# Difference between revisions of "2002 AIME I Problems/Problem 1"

## Problem

Many states use a sequence of three letters followed by a sequence of three digits as their standard license-plate pattern. Given that each three-letter three-digit arrangement is equally likely, the probability that such a license plate will contain at least one palindrome (a three-letter arrangement or a three-digit arrangement that reads the same left-to-right as it does right-to-left) is $\dfrac{m}{n}$, where $m$ and $n$ are relatively prime positive integers.
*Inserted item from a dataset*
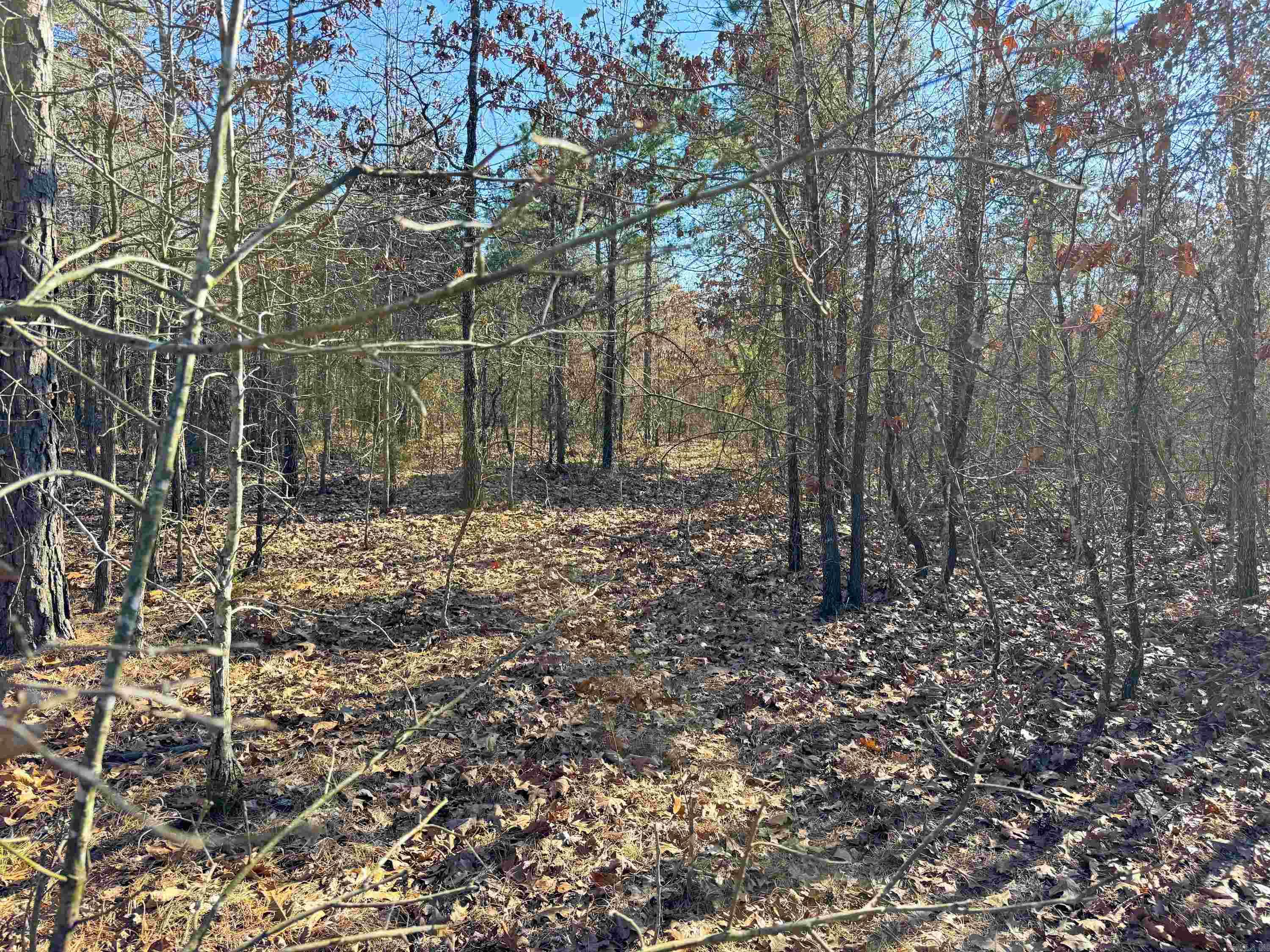 102 Guy Lane Property Photo 11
Find $m+n$

## Solution

### Solution 1

Consider the three-digit arrangement, $\overline{aba}$. There are $10$ choices for $a$ and $10$ choices for $b$ (since it is possible for $a=b$), and so the probability of picking the palindrome is $\frac{10 \times 10}{10^3} = \frac 1{10}$. Similarly, there is a $\frac 1{26}$ probability of picking the three-letter palindrome.
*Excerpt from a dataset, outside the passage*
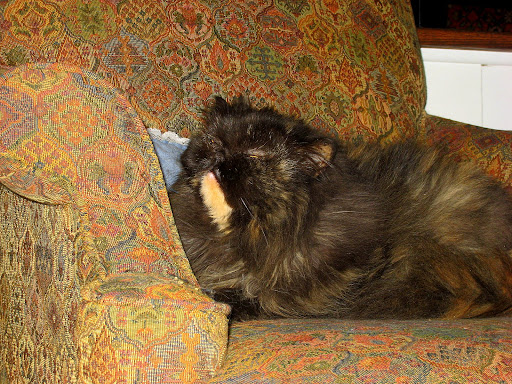 rude people qoutes rude people qoutes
By the Principle of Inclusion-Exclusion, the total probability is

$\frac{1}{26}+\frac{1}{10}-\frac{1}{260}=\frac{35}{260}=\frac{7}{52}\quad\Longrightarrow\quad7+52=\boxed{059}$

### Solution 2

Using complementary counting, we count all of the license plates that do not have the desired property. In order to not be a palindrome, the first and third characters of each string must be different. Therefore, there are $10\cdot 10\cdot 9$ three digit non-palindromes, and there are $26\cdot 26\cdot 25$ three letter non palindromes. As there are $10^3\cdot 26^3$ total three-letter three-digit arrangements, the probability that a license plate does not have the desired property is $\frac{10\cdot 10\cdot 9\cdot 26\cdot 26\cdot 25}{10^3\cdot 26^3}=\frac{45}{52}$. We subtract this from 1 to get $1-\frac{45}{52}=\frac{7}{52}$ as our probability. Therefore, our answer is $7+52=\boxed{059}$.